Although still in development, VoidSpace is a more polished approach to gaming in a working economy. VoidSpace, a massively multiplayer online role-playing game (MMORPG), is set in space where players explore an ever-growing universe, mine natural resources like asteroids, and trade them for goods with other players in order to build their own empire. galactic. Players will be rewarded for mining DogeCoin, a more established form of digital currency that is currently widely used for micropayments on various social media sites. DogeCoin will also be the currency of in-game trade between players and the means of making in-game purchases. Like HunterCoin, DogeCoin is a fully functioning and legitimate digital currency and, like HunterCoin, can be exchanged for both digital and real fiat currencies on exchanges like Poloniex.

The future of video games?

Although early in terms of quality, the launch of HunterCoin and VoidSpace is an interesting indication of what the next evolution of gaming could be. MMORPGs are currently being considered as ways to model the outbreak of epidemics as a result of how players’ reactions to an unwanted plague reflected hard-to-model recorded aspects of human behavior in real-world outbreaks. It could be assumed that eventually in-game virtual economies could be used as models to test economic theories and develop responses to massive failures based on observations of how players use digital currency with real value. It is also a good test for the functionality and potential applications of digital currencies that hold the promise of moving beyond mere exchange vehicles and into exciting areas of personal digital property, for example. Meanwhile, gamers now have the means to translate hours in front of a screen into digital currency and then into dollars, British pounds, euros or yen.
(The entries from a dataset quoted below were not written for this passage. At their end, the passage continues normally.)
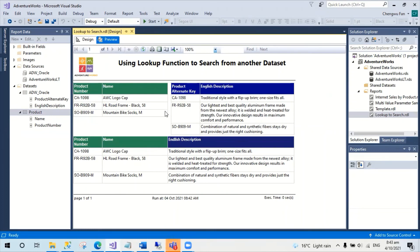The Lookup function is similar to the lookup in Microsoft Excel, and can be very useful when working with data from different SQL Server instances or different data type providers, such as SQL Server and Oracle. I hope you find this tip useful. Don't forget to click subscribe and leave your comments if you like it. Thanks for watching, and see you next time.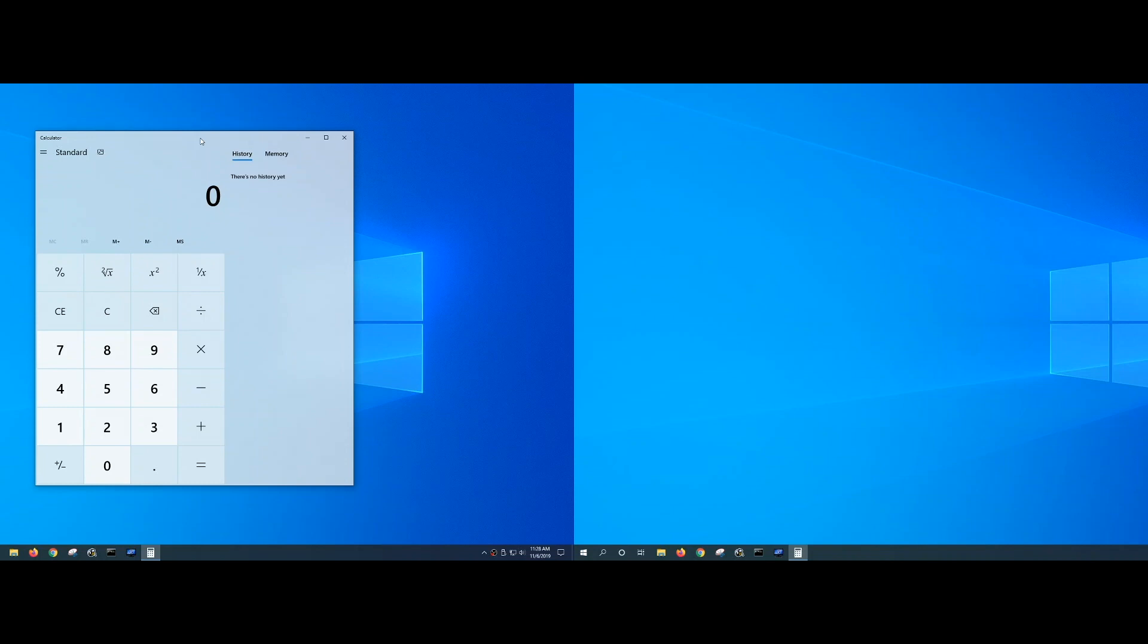What you see on screen are the two displays connected to my desktop system. The display on the left has the Windows calculator application up and running, display on the right has nothing.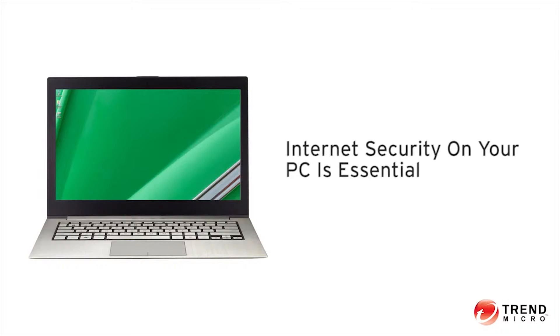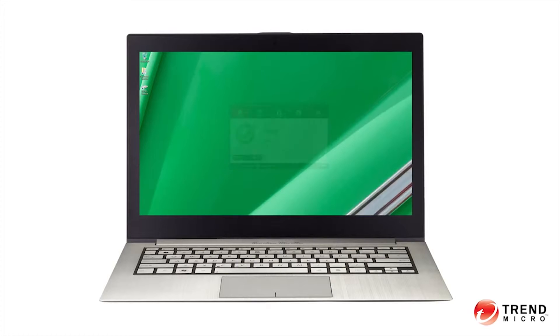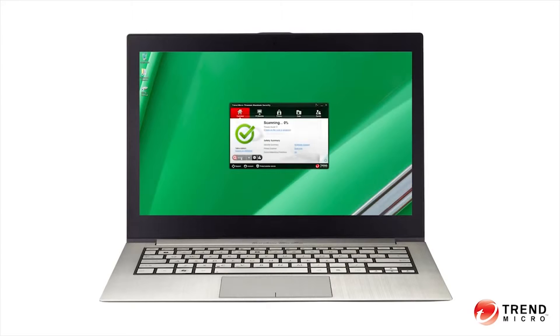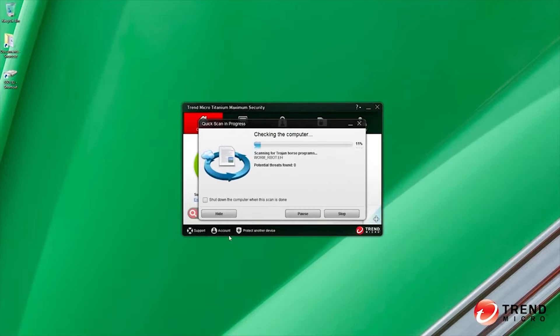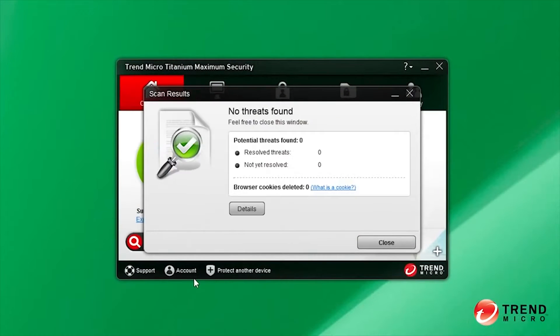Internet security on your PC is essential. Cyber criminals launch two new threats every second. That's over 65 million new threats every year. When considering security software,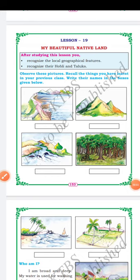Hello my dear students, good morning. Today we are going to start a new lesson — Lesson number 19: My Beautiful Native Land. This is your last lesson. After studying this lesson, you will recognize the local geographical features and recognize your hobli and taluks.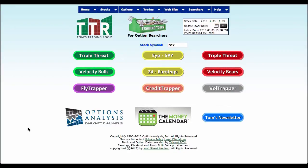Hey everybody, welcome to Tom's Tools. I'm Tom. I've got one of the coolest things that you will be able to do with this tool set and I'm going to show it to you right now. And it's called Finding Doubles with Money Calendar.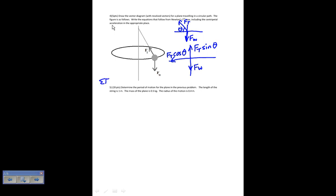If I draw my resolved vectors, this is Ft sine of theta and this is Ft cosine theta. Applying Newton's second law, I get two equations. First, the sum of forces in the y-direction equals Ft sine theta minus Fw, which equals zero since acceleration in y is zero. On the x-axis, I only have Ft cosine theta, and that equals mv squared over r — that's my centripetal acceleration.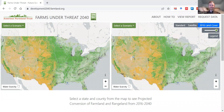Hello, and welcome to the interactive maps for Farms Under Threat 2040: Choosing an Abundant Future. My name is Mitch Hunter and I'm the research director at American Farmland Trust. In this brief video I will share some tips to help you get the most out of this website.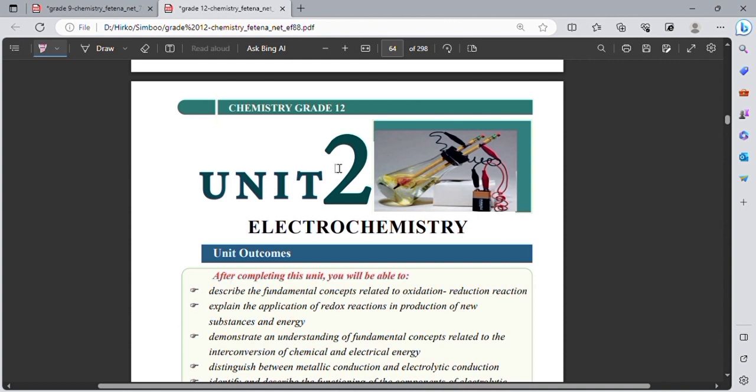Electricity means a flow of electrons — the flow of electrons is called electricity. The other concept is redox reaction, or redox chemical reaction. Redox means the loss and gain of electrons. Those are the two main concepts of electrochemistry: electricity and redox.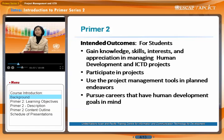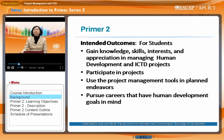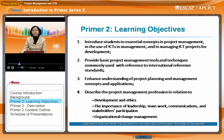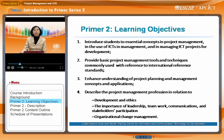Participate in projects. Use the project management tools in planned endeavors. Pursue careers that have human development goals in mind. The learning objectives of Primer II are to introduce students to essential concepts in project management in the...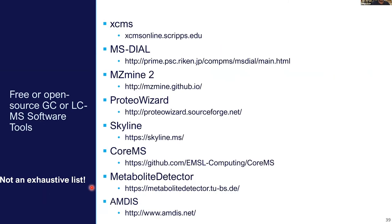When it comes to software tools, there's a plethora of possible tools. In terms of free and open source: XCMS is an R-based tool that does the whole pipeline and is really powerful. There are also tools with graphical interfaces like MSDial or MZmine. ProteoWizard is really popular for file conversions. Skyline you'll learn about this afternoon. CoreMS is something we're building in-house that will support all mass spectrometry when complete.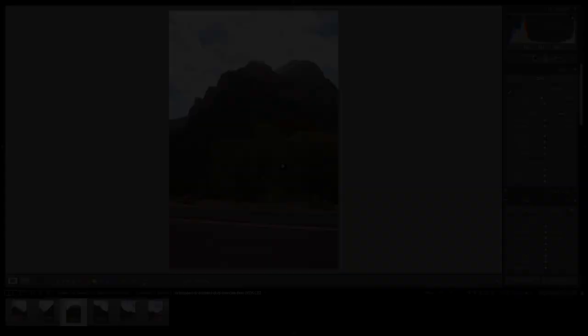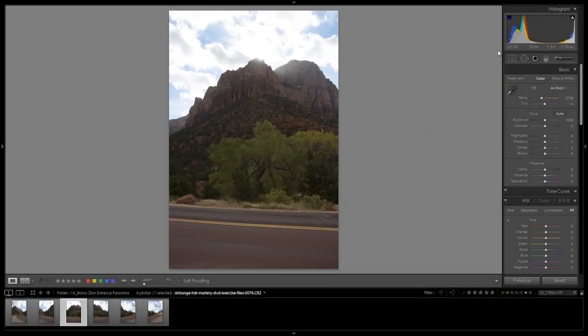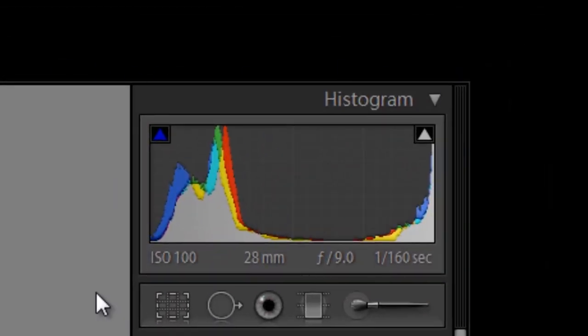A correct histogram for a median exposure should look like the following image — basically a U shape where the shadows are close to or pushed along the left side and the highlights are close to or pushed along the right side. If you had to err on one side or the other, I would always err slightly on the brighter side because it will give you cleaner results. This is what a histogram should look like for your median exposure.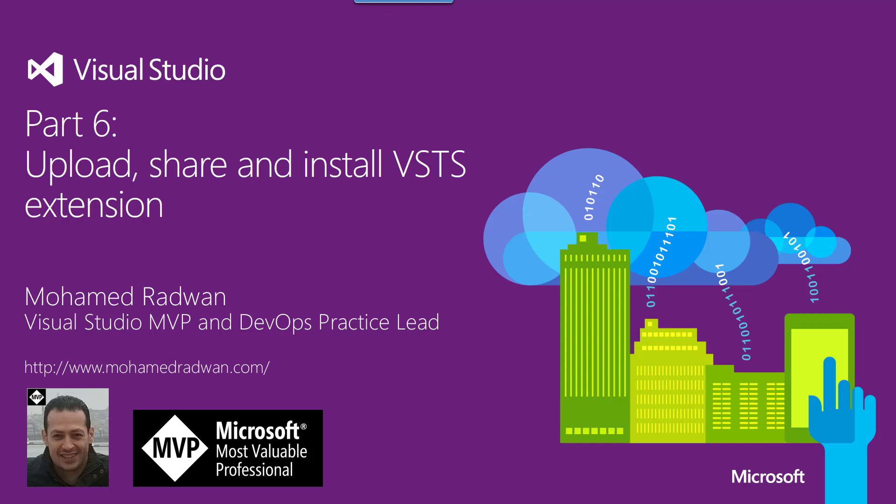And here is part six, where we are talking about, in the previous part, we packaged the extension and now we are ready to upload.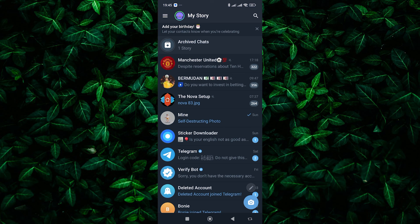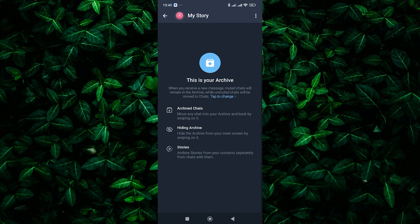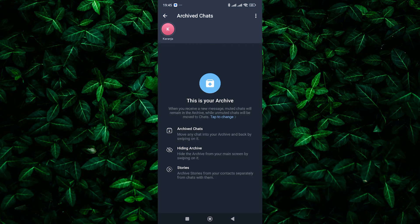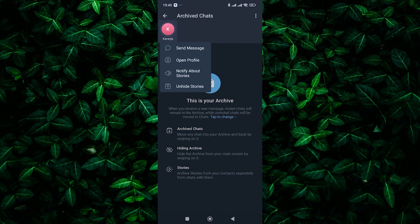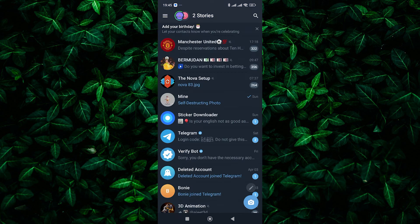If you decide to unhide the story, it's simple. Simply tap on the archive chats option at the top and then tap and hold on to the story circle of the person you want to unhide. A menu will pop up. Select unhide story from the options.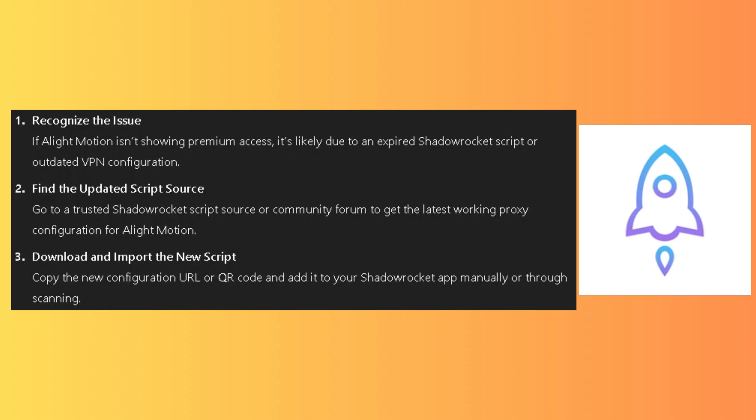Find and update the script source. Go to a trusted Shadow Rocket script source or community forum to get the latest working proxy configuration for AlightMotion.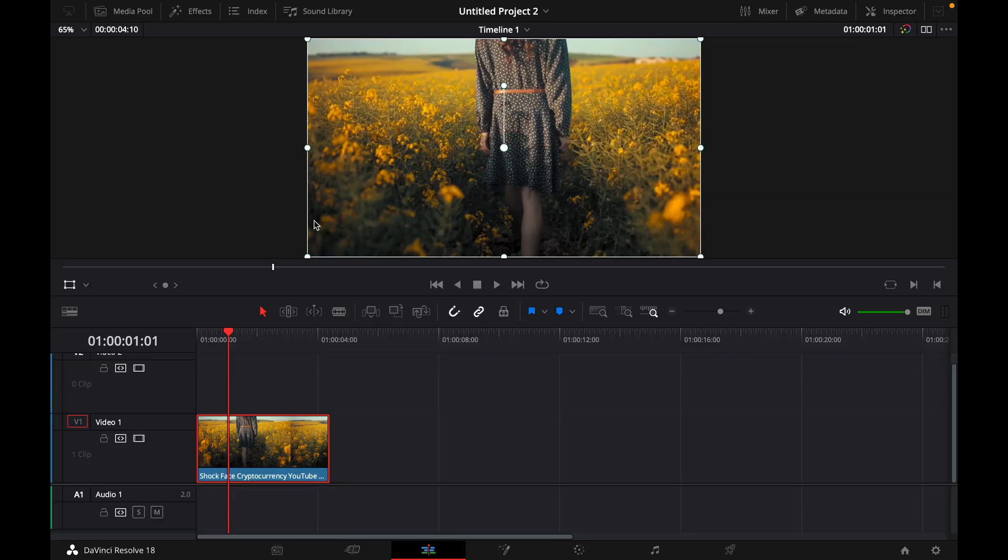Hey guys and welcome to a new video on how to do. Today I will show you how to isolate a color in DaVinci Resolve 18.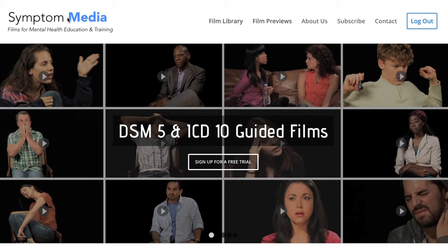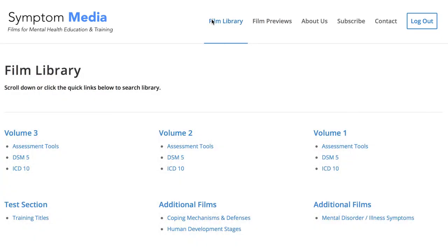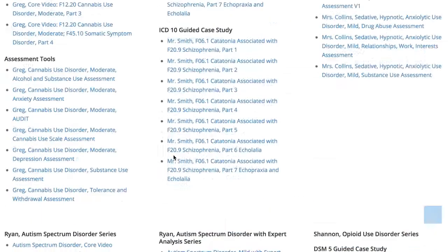Welcome to a preview of a Symptom Media DSM-5 guided case study. How are people using Symptom Media's DSM-5 guided cases? With access to over 500 assessment tools, DSM-5 and ICD-10 guided cases,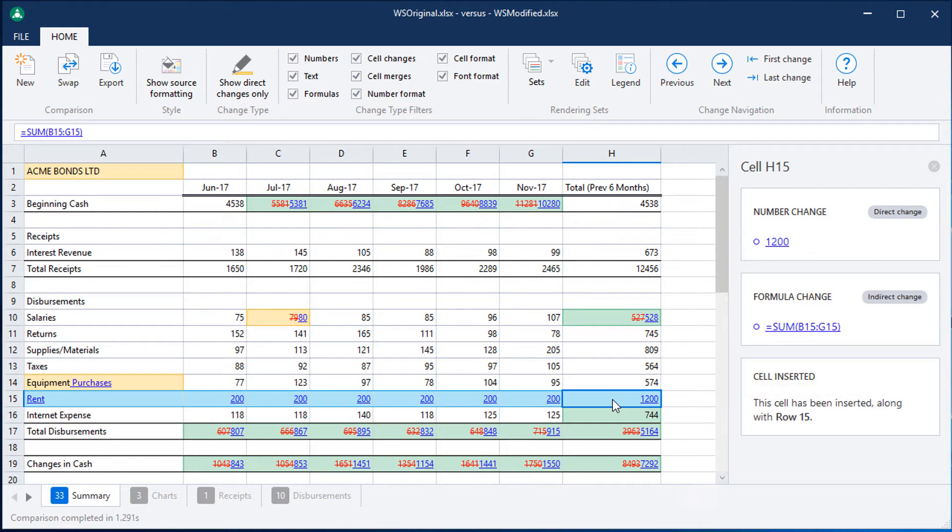The spreadsheets I compared included multiple tabs. Let's have a look at the Charts tab.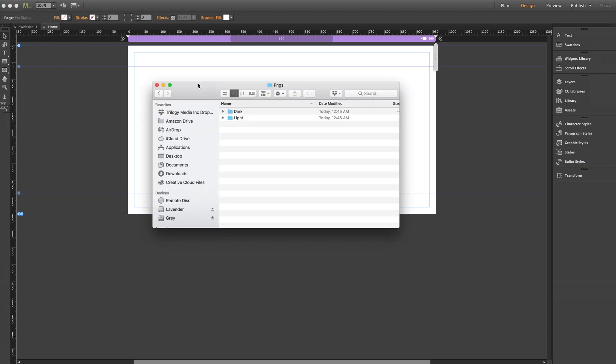There are literally dozens to choose from in here and included are light and dark versions for use depending on your site's color scheme.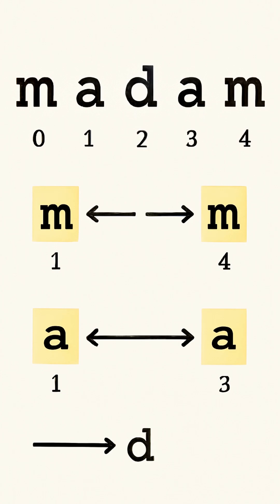Finally, both pointers meet at the middle letter, D. Since this middle character matches itself and no mismatches were found before, we conclude the word, Madam, is a palindrome, it reads the same forwards and backwards.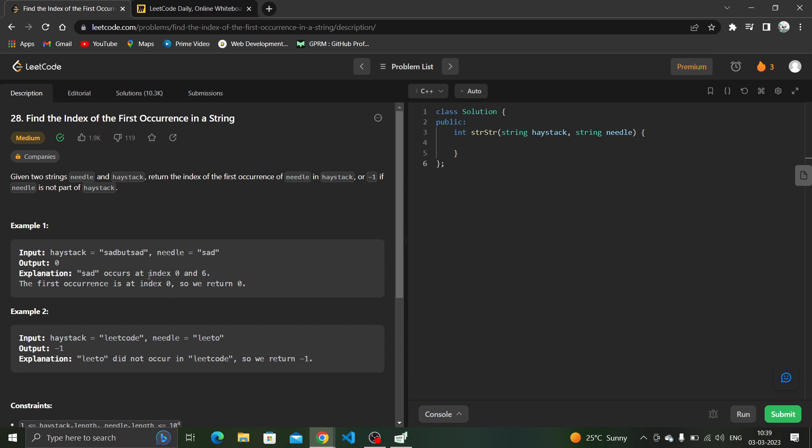We have to return the first occurrence in the string. We can see that it occurs at index zero and index six. But we have to return the first occurrence, which is obviously the first one, so we will return zero.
But before you quit your day job…

…it is worth mentioning the current exchange rates. It is estimated that a player could comfortably recover their initial registration fee of 1,005 HunterCoin (HUC) for joining the HunterCoin game in 1 day of play. HUC cannot currently be exchanged directly into USD, one must convert it into a more established digital currency like Bitcoin. At the time of writing, the HUC to Bitcoin (BC) exchange rate is 0.00001900, while the BC to USD exchange rate is $384.24. 1 HUC traded to BC and then to USD, before transaction fees were taken into account, would equal… $0.01 USD. This is not to say that as a player becomes more adept, they couldn’t grow their team of virtual CoinHunters and perhaps employ some ‘bot’ programs that would automatically play the game under the guise of another player and earn coins for them. as well. but I think it’s safe to say that, at this point, even efforts like this alone could result in enough change for an everyday McDonalds. Unless players are willing to submit to intrusive in-game advertising, share personal data, or join a game like CoinHunter that is built on the Bitcoin blockchain, the rewards are unlikely to be more than micropayments to the player. occasional. And maybe this is a good thing, because surely if you get paid for something, it stops being a game?